Joining the European Union has been a longstanding ambition. Formal membership talks were launched in October 2005, but progress has been very slow.

Several European countries continue to have serious misgivings over Turkish EU membership, and Germany and France have called for it to have a "privileged partnership" instead.


Republic of Turkey

Capital: Ankara

  • Population 74.5 million

  • Area 779,452 sq km (300,948 sq miles)

  • Major languages Turkish (official), Kurdish

  • Major religion Islam

  • Currency Turkish lira

Getty Images


President: Recep Tayyip Erdogan

Image copyright Getty Images

Recep Tayyip Erdogan was sworn in as president in August 2014, cementing his position as Turkey's most powerful leader.

His victory in Turkey's first popular presidential election capped 12 years as prime minister in which the economy tripled in dollar terms, while fuelling fears of growing authoritarianism.

Turkey is a parliamentary republic and the presidency largely ceremonial, so Mr Erdogan announced plans to amend the constitution to establish an executive presidency if his Islamist AK Party won a large majority in the June 2015 elections.

A strong showing by the new, pro-Kurdish left-wing People's Democratic Party (HDP), deprived the AK of its parliamentary majority and checked Mr Erdogan's ambitions, at least for the time being.

The AKP regained its majority in snap elections in November, after Mr Erdogan declared efforts to form a coalition had failed.


Image copyright Getty Images
Image caption Turkey has a poor record on media freedom

Turkey's airwaves are lively, with some 300 private TV stations - more than a dozen of them with national coverage - and more than 1,000 private radio stations competing with the state broadcaster, TRT. Television is by far the most influential news medium.

Powerful businesses operate press and broadcasting outlets; they include the Dogan group, the leading media conglomerate.

For journalists, the military, Kurds and political Islam are highly-sensitive topics, coverage of which can lead to arrest and prosecution.
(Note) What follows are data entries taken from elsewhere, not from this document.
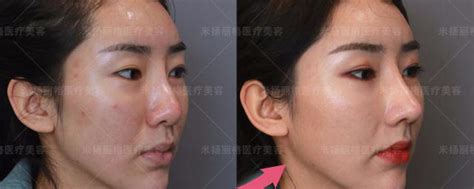 上海哪些医院可以做鼻假体取出?伯思立,薇琳鼻修复案例一览 - 爱美容研社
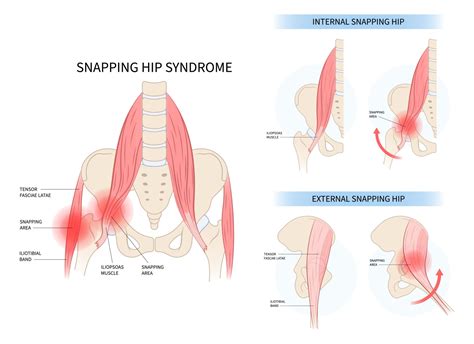 Exercises for Snapping Hip Syndrome - [P]rehab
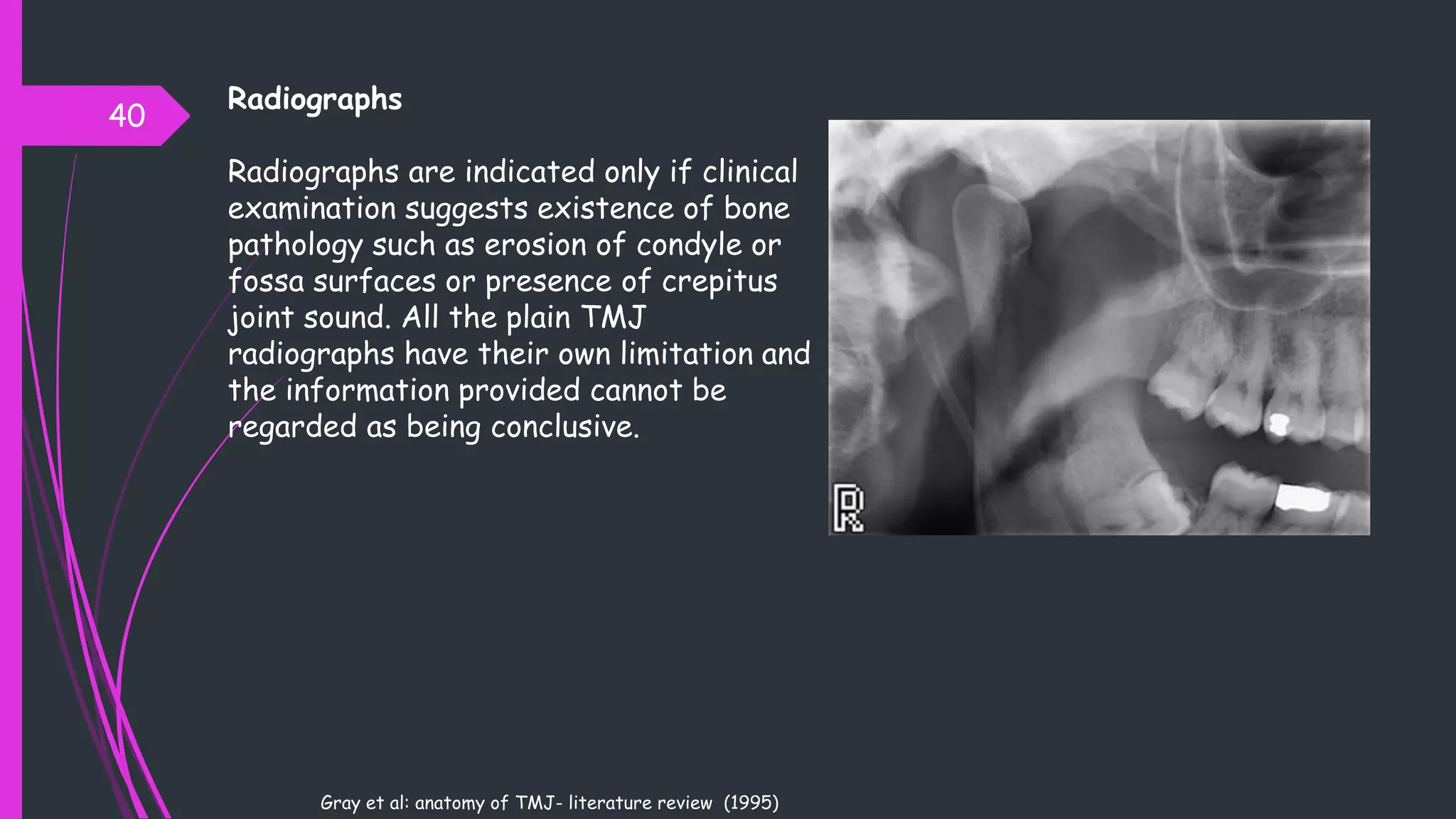Radiographs
Radiographs are indicated only if clinical
examination suggests existence of bone
pathology such as erosion of condyle or
fossa surfaces or presence of crepitus
joint sound. All the plain TMJ
radiographs have their own limitation and
the information provided cannot be
regarded as being conclusive.
40
Gray et al: anatomy of TMJ- literature review (1995)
It is common for radio and TV stations to have their broadcasts suspended for airing sensitive material.

Some of the most repressive sanctions have been lifted as part of reforms intended to pave the way for EU entry. But it remains a crime to insult the Turkish nation. In 2012 and 2013, Turkey had more journalists in prison than any other country, the US-based Committee to Protect Journalists reported.


Some key dates in Turkey's history:

1453 - Sultan Mehmed II the Magnificent captures Constantinople, ending Byzantine Empire and consolidating Ottoman Empire in Asia Minor and Balkans.

15th-16th centuries - Expansion into Asia and Africa.

Image copyright Getty Images
Image caption Istanbul's iconic Bosphorus Bridge links Asia and Europe

1683 - Ottoman advance into Europe halted at Battle of Vienna. Long decline begins.

19th century - Efforts at political and economic modernisation of Empire largely founder.

1908 - Young Turk Revolution establishes constitutional rule, but degenerates into military dictatorship during First World War, where Ottoman Empire fights in alliance with Germany and Austria-Hungary.

1918-22 - Partition of defeated Ottoman Empire leads to eventual triumph of Turkish National Movement in war of independence against foreign occupation and rule of Sultan.

1923 - Grand National Assembly declares Turkey a republic and Kemal Ataturk president.

1928 - Turkey becomes secular: clause retaining Islam as state religion removed from constitution.

1938 - President Ataturk dies, succeeded by Ismet Inonu.

Image copyright Getty Images
Image caption Worshippers pray inside the Blue Mosque in Istanbul

1945 - Neutral for most of World War II, Turkey declares war on Germany and Japan, but does not take part in combat. Joins United Nations.

1950 - First free elections won by opposition Democratic Party.

1952 - Turkey abandons Ataturk's neutralist policy and joins Nato.

1960 - Army coup against ruling Democratic Party.

1963 - Association agreement signed with European Economic Community (EEC).